De même, la plupart des déductions pour amortissement du coût en capital seront réparties en fonction de la courte année d’imposition, ainsi que diverses autres déductions comme la déduction accordée aux petites entreprises et les plafonds des crédits d’impôt pour investissement pour les petites sociétés.
QU’EN DISENT LES TRIBUNAUX?
Au restaurant, les pourboires sont soumis à l’impôt sur le revenu et à l’AE et peuvent l’être aussi à la TPS/TVH
De récents jugements des tribunaux ont confirmé que, non seulement les pourboires versés au personnel du service sont imposables mais que, s’ils sont payés par l’entremise de l’employeur, ils sont aussi soumis aux retenues à la source, à l’AE et aux cotisations au Régime de pensions du Canada (RPC) et au Régime des rentes du Québec (RRQ). Si ce sont des pourboires obligatoires, l’employeur doit retenir sur ces sommes la TPS/TVH.

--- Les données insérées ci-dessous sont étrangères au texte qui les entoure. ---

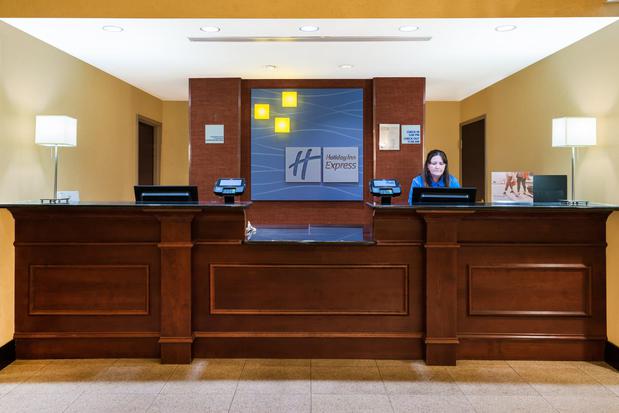 Images Holiday Inn Express & Suites North East, an IHG Hotel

Dans Restorante A Mano Ltd., 2022 CFA 151, un restaurant avait collecté les pourboires payés par carte de crédit et les avait distribués au personnel du service (après en avoir soustrait des frais de traitement pour le recouvrement de la commission sur carte de crédit et un montant additionnel pour le personnel de cuisine). L’ARC s’est dite d’avis que ces paiements faisaient partie du revenu du personnel du service, non seulement aux fins de l’impôt sur le revenu, mais aussi pour le calcul des primes d’AE que le restaurateur devait payer et des cotisations au RPC qu’il devait payer pour ses employés. L’ARC a imposé le restaurant en conséquence, et ce dernier a interjeté appel.

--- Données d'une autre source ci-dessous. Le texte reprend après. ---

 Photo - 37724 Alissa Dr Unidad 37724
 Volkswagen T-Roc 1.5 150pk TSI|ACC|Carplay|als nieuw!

La Cour canadienne de l’impôt (CCI) de même que, en appel, la Cour d’appel fédérale (CAF) ont tranché en faveur de l’ARC.
Dans une autre cause récente, 1410109 Ontario Ltd., 2022 CCI 141, une société exploitait une salle de banquets en Ontario. Dans ses contrats et factures relatifs à des mariages et d’autres événements, la société facturait automatiquement un « pourboire » de 15 % sur ses prestations et versait cet argent au directeur, au chef et au personnel du service. L’ARC a imposé la société pour ne pas avoir facturé la TVH sur les pourboires et cette dernière a interjeté appel.
La CCI a ici encore tranché en faveur de l’ARC. Le prélèvement de 15 % ne représentait pas un cadeau des patrons au personnel du service, comme la société le prétendait. Il était plutôt exigé au contrat et faisait donc partie de la « contrepartie » à laquelle la TVH de 13 % s’appliquait. La société a donc été tenue responsable de ne pas avoir perçu et remis la TVH sur l’ensemble des « pourboires ».
* * *
Le présent bulletin résume les faits nouveaux survenus en fiscalité ainsi que les occasions de planification qui en découlent. Nous vous recommandons, toutefois, de consulter un expert avant de décider de moyens d’appliquer les suggestions formulées, pour concevoir avec lui des moyens adaptés à votre cas particulier.